▶ **What to work on**: What you return must be every line from the beginning of the data through the line holding "Western blot analysis of Lane", unchanged.

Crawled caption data
━━━

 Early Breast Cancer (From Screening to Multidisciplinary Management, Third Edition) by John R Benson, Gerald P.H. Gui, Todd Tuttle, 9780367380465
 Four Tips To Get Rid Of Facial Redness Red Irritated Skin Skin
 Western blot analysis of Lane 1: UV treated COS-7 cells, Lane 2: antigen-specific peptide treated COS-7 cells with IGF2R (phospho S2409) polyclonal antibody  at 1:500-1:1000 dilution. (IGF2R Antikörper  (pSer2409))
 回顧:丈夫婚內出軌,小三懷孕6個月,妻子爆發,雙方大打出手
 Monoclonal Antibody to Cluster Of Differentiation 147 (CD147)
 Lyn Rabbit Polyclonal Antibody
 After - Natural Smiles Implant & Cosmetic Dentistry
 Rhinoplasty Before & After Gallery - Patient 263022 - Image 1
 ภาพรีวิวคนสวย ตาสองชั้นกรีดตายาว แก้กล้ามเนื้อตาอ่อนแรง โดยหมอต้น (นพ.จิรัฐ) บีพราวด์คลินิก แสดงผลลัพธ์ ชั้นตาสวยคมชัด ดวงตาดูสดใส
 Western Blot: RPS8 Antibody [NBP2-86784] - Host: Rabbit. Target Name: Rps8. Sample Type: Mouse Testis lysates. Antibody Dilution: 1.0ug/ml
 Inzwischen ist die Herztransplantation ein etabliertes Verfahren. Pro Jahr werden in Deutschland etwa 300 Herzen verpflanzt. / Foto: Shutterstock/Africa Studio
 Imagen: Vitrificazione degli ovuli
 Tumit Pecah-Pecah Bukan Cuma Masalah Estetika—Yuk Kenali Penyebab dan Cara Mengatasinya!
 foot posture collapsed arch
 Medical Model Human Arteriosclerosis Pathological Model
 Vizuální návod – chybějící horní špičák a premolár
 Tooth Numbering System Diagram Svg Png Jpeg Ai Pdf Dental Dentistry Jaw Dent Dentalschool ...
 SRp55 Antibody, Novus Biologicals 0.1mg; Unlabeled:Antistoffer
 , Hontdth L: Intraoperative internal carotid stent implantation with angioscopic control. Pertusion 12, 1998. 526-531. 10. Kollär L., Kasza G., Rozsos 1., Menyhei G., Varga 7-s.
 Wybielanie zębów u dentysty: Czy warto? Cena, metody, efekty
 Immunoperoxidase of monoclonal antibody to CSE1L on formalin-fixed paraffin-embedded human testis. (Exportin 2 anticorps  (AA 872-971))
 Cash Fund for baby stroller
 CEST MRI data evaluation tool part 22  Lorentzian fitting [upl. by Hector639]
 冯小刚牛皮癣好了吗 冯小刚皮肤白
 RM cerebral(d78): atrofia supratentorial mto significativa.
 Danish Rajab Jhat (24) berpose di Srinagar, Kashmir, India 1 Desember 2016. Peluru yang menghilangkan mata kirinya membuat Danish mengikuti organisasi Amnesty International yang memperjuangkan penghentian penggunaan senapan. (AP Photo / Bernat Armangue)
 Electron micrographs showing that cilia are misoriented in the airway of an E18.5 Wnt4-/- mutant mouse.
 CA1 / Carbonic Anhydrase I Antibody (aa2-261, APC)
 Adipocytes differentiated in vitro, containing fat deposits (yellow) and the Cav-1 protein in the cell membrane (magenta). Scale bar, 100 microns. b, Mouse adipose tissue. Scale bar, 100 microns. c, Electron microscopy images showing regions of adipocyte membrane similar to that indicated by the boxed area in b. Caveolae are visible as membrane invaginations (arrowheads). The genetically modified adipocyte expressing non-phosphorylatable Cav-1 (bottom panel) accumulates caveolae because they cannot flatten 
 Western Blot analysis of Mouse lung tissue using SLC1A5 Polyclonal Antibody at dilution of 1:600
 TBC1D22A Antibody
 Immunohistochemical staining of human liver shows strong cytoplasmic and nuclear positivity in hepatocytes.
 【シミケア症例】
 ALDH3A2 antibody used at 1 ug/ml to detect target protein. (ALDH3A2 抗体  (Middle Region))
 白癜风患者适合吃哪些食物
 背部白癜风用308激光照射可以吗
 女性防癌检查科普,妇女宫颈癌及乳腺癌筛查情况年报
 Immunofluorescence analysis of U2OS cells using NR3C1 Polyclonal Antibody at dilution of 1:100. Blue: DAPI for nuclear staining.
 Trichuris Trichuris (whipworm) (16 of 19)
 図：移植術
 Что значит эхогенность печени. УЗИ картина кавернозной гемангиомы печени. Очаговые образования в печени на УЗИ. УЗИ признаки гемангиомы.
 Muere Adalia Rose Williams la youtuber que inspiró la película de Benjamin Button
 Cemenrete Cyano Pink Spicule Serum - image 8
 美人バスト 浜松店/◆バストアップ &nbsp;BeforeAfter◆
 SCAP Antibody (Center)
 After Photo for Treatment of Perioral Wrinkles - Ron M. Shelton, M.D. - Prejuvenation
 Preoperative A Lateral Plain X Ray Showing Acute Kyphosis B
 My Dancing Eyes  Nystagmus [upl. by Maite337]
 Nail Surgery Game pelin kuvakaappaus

━━━

▶ **Exercise solution**:
 Early Breast Cancer (From Screening to Multidisciplinary Management, Third Edition) by John R Benson, Gerald P.H. Gui, Todd Tuttle, 9780367380465
 Four Tips To Get Rid Of Facial Redness Red Irritated Skin Skin
 Western blot analysis of Lane 1: UV treated COS-7 cells, Lane 2: antigen-specific peptide treated COS-7 cells with IGF2R (phospho S2409) polyclonal antibody  at 1:500-1:1000 dilution. (IGF2R Antikörper  (pSer2409))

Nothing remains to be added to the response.